### [TASK DETAILS]
Quote the records beneath, complete and exact. Leave out images.

### [DATASET EXCERPTS]
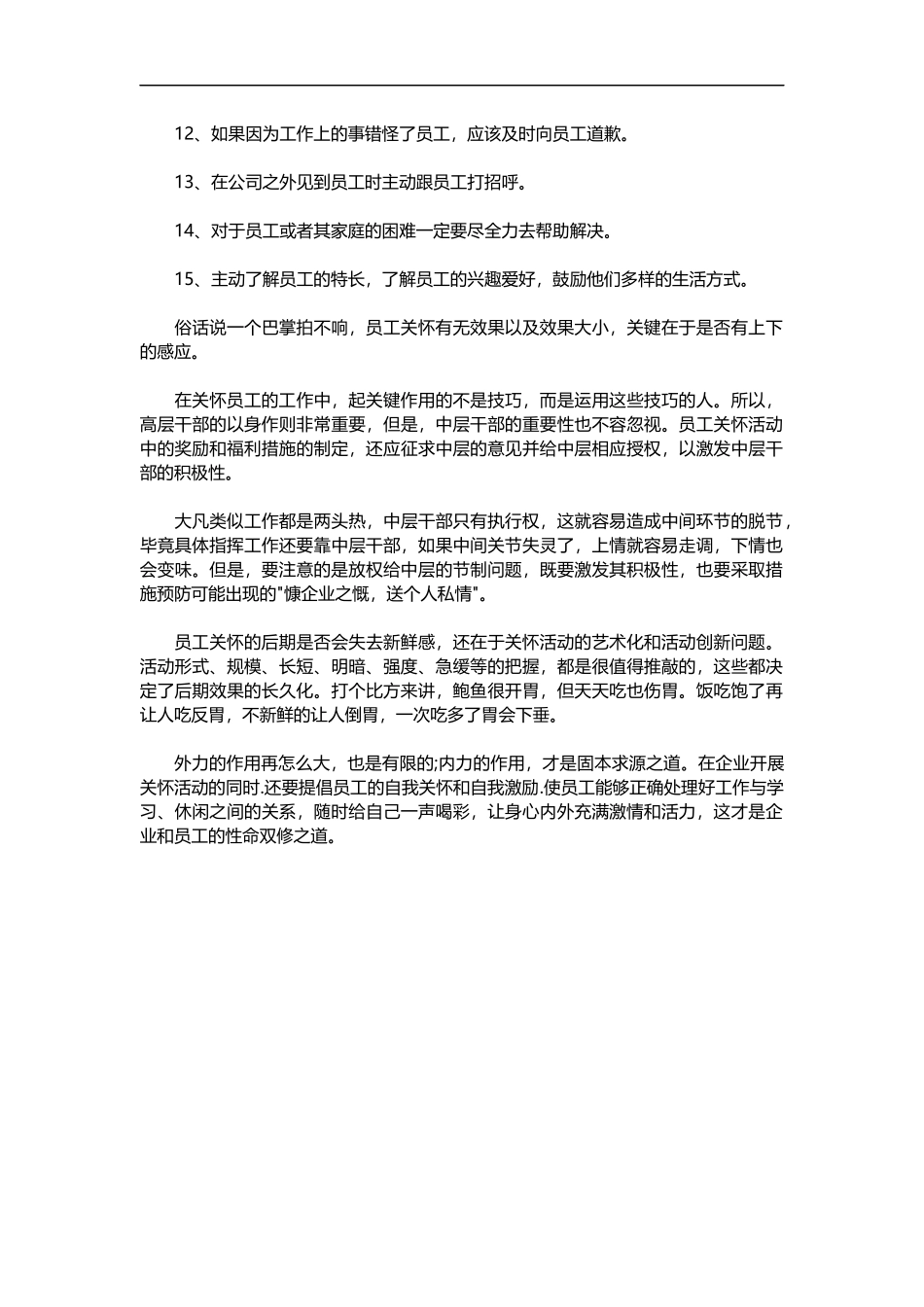 2025年人力资源制度：如何通过关怀员工达到激励的效果.doc_第3页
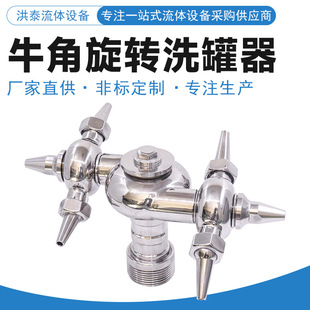 ţ��ʽ���Dϴ���� �l����304���P䓃���z��������w��ϴ����S��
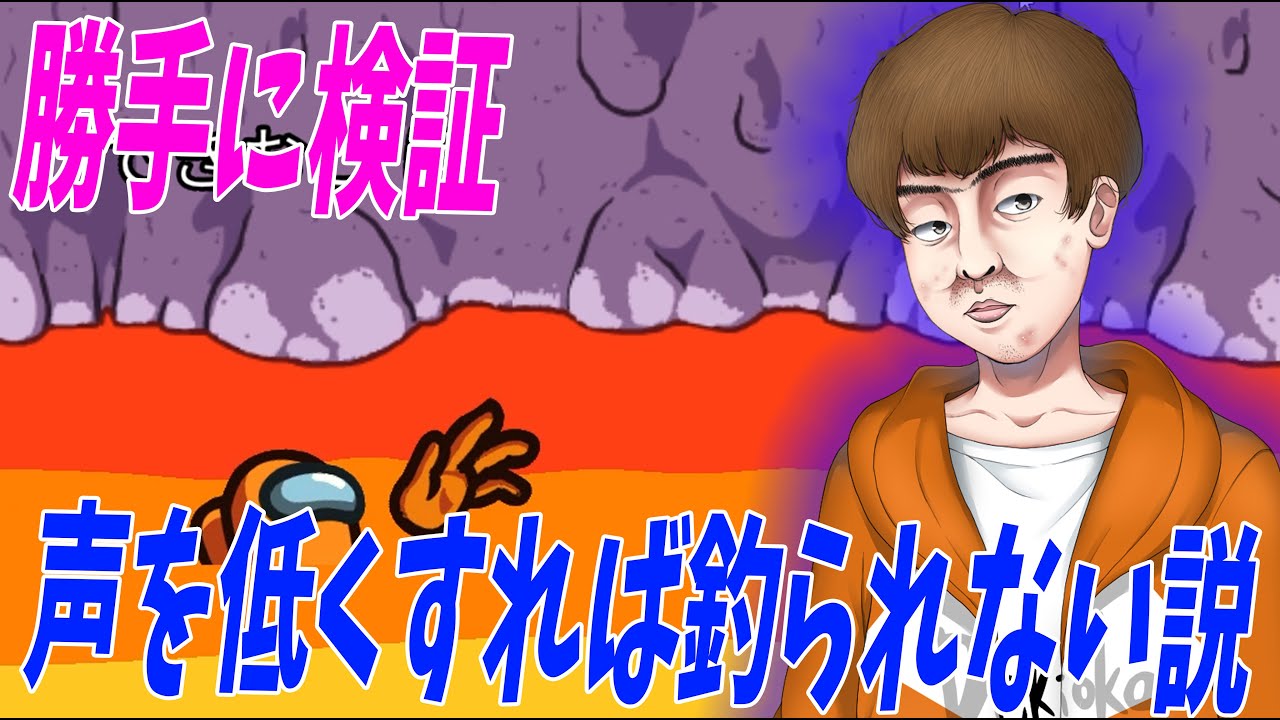 Dekioko secretly tests the theory that if you lower your voice and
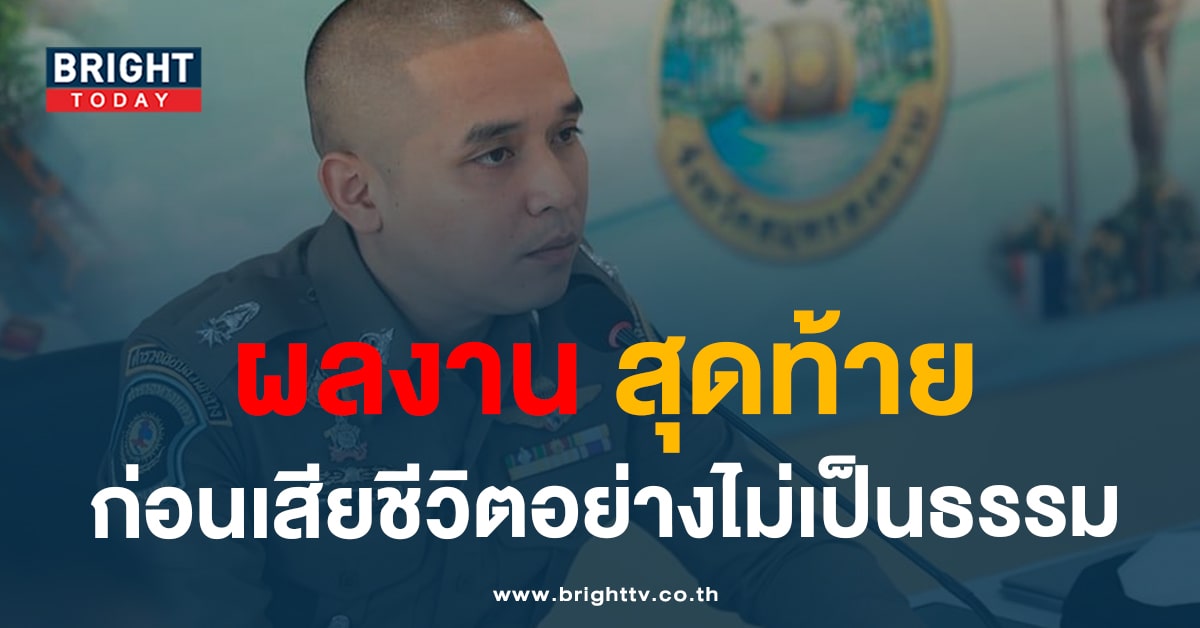 ผลงานสุดท้าย ‘สารวัตรศิวกร’ ก่อนสิ้นชีพ ด้วยกระสุน หน่อง ท่าผา!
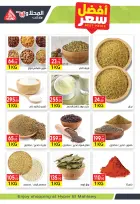 Ofertas de Mercado El Mahlawy Egipto de 24 febrero a 5 marzo 2026 Ofertas de Ramadán Kareem - Página 5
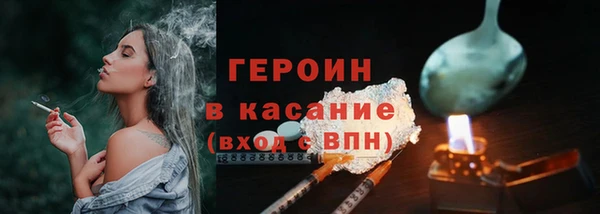 бутират Абаза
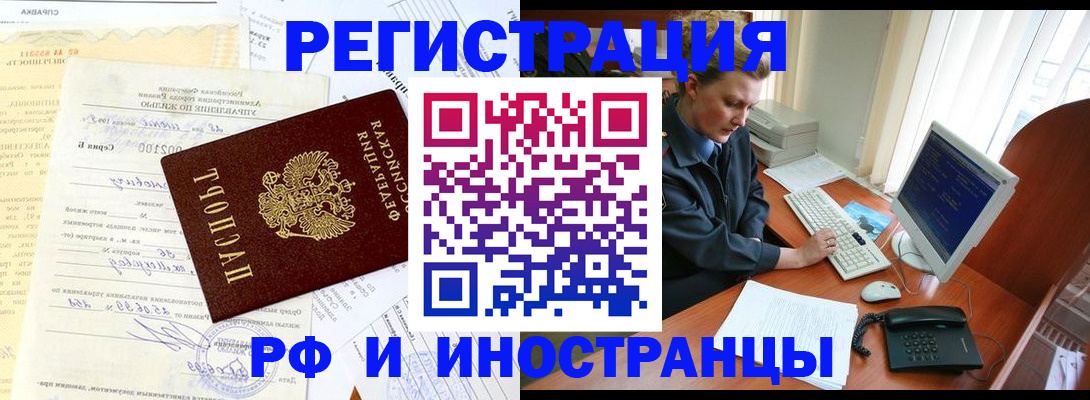 прописка 2025 в Пионерском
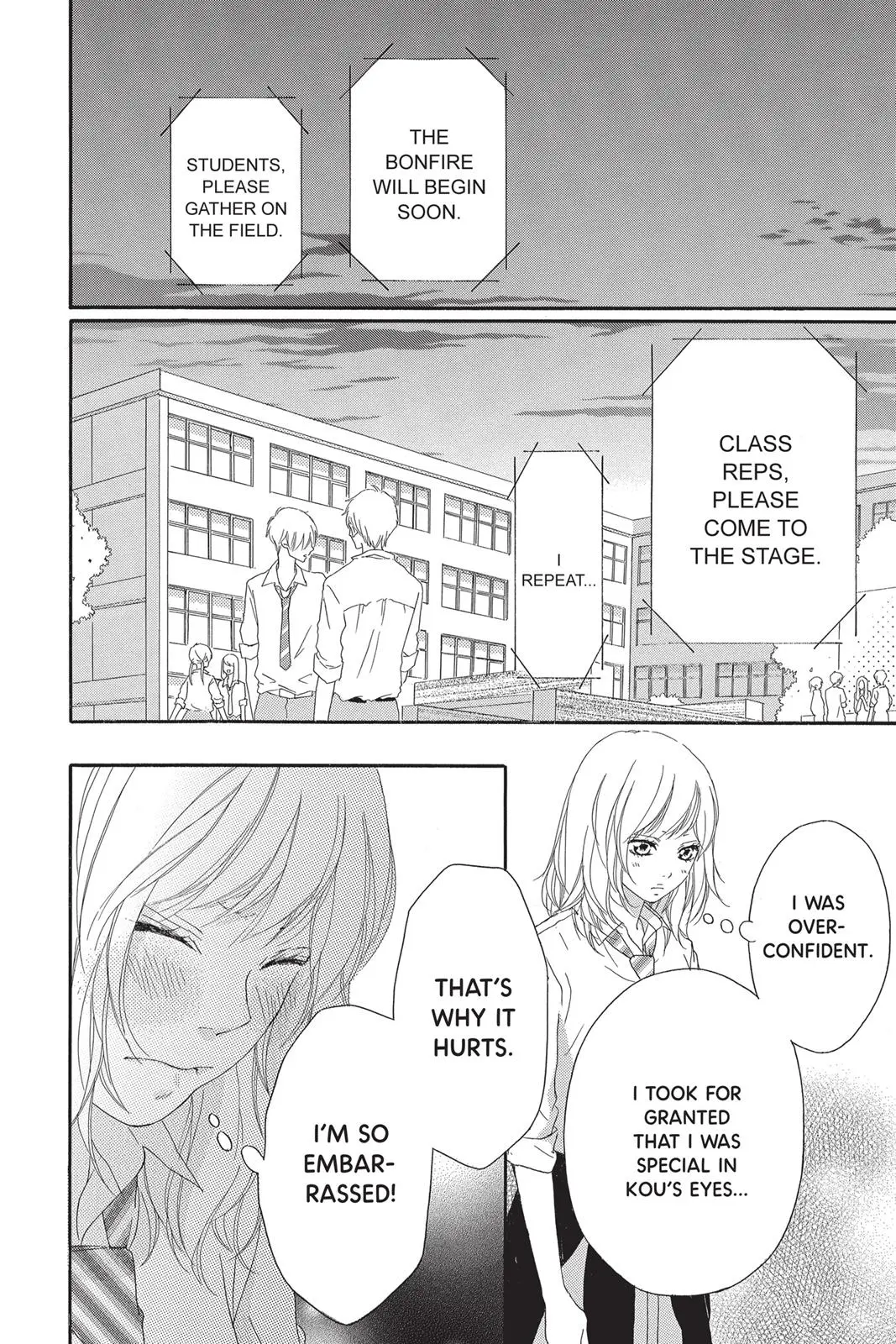 Ao Haru Ride - Chapter 21 - Page 22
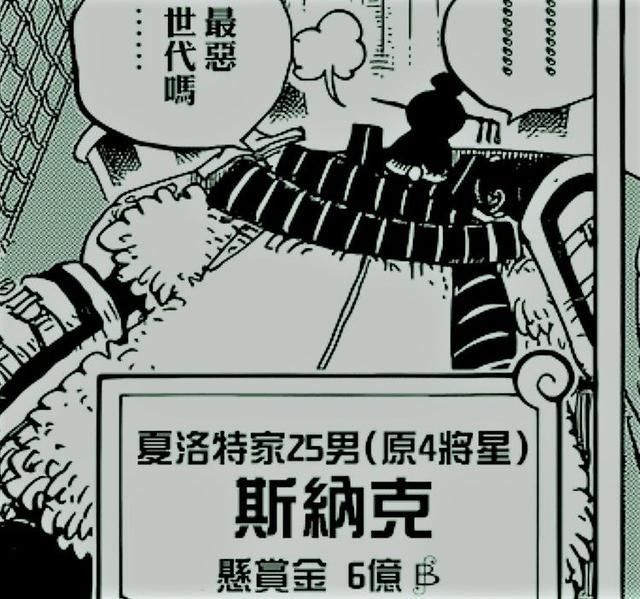 海贼王900话:原4将星登场力压杰尔马66! 海水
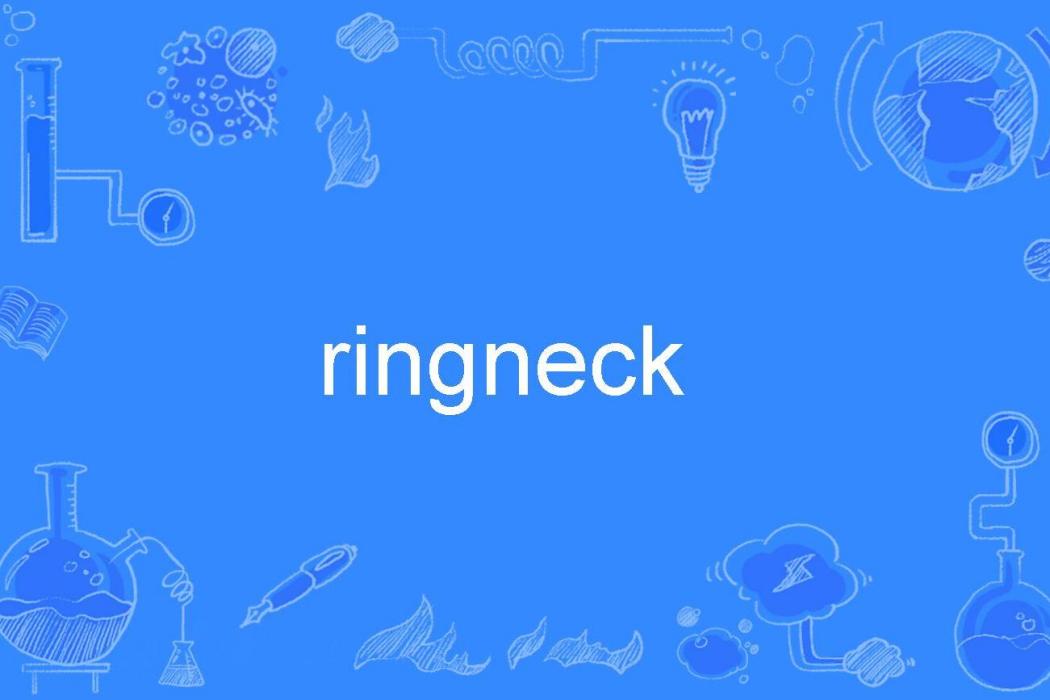 ringneck ringneck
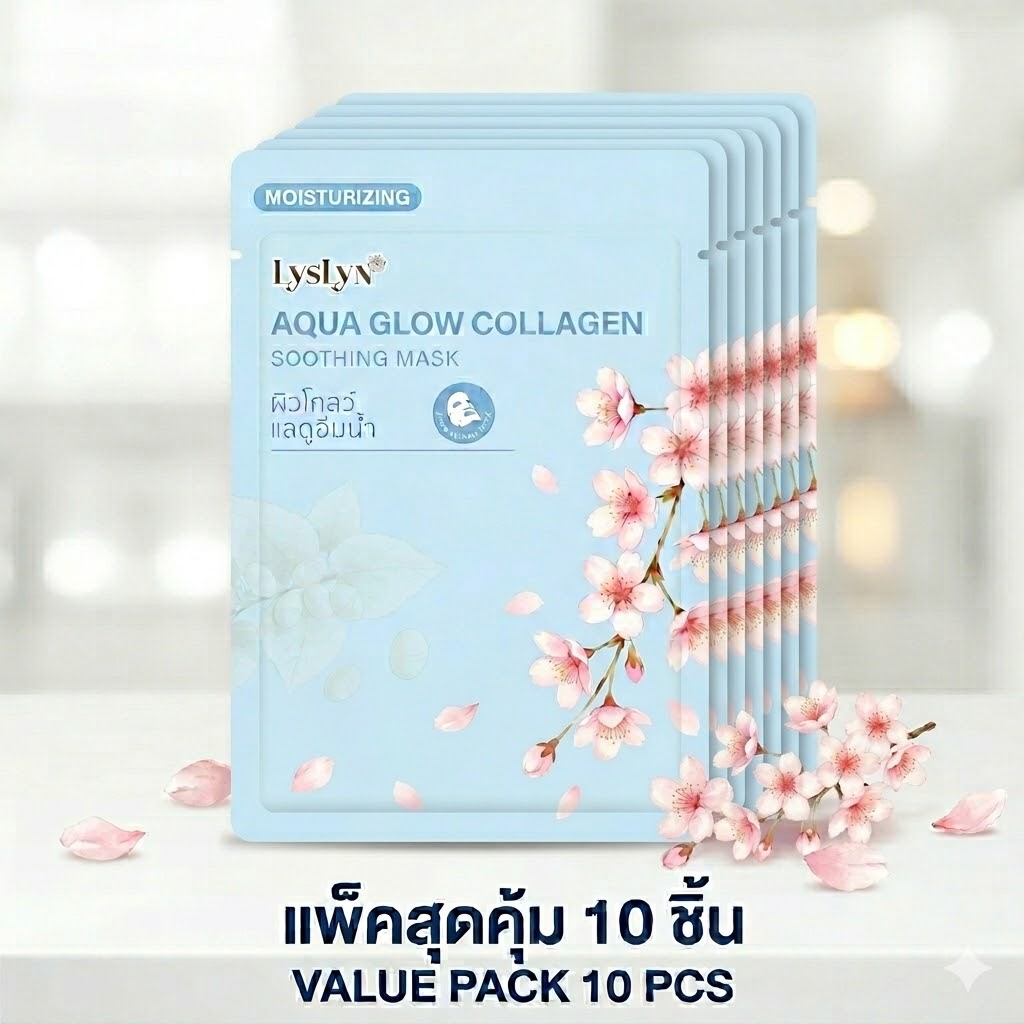 (Value Pack 10 pcs) LysLyn Intensive Shining Niacinamide Soothing Mask 10 ชิ้น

### [ANSWER SPACE]
 2025年人力资源制度：如何通过关怀员工达到激励的效果.doc_第3页
 ţ��ʽ���Dϴ���� �l����304���P䓃���z��������w��ϴ����S��
 Dekioko secretly tests the theory that if you lower your voice and
 ผลงานสุดท้าย ‘สารวัตรศิวกร’ ก่อนสิ้นชีพ ด้วยกระสุน หน่อง ท่าผา!
 Ofertas de Mercado El Mahlawy Egipto de 24 febrero a 5 marzo 2026 Ofertas de Ramadán Kareem - Página 5
 бутират Абаза
 прописка 2025 в Пионерском
 Ao Haru Ride - Chapter 21 - Page 22
 海贼王900话:原4将星登场力压杰尔马66! 海水
 ringneck ringneck
 (Value Pack 10 pcs) LysLyn Intensive Shining Niacinamide Soothing Mask 10 ชิ้น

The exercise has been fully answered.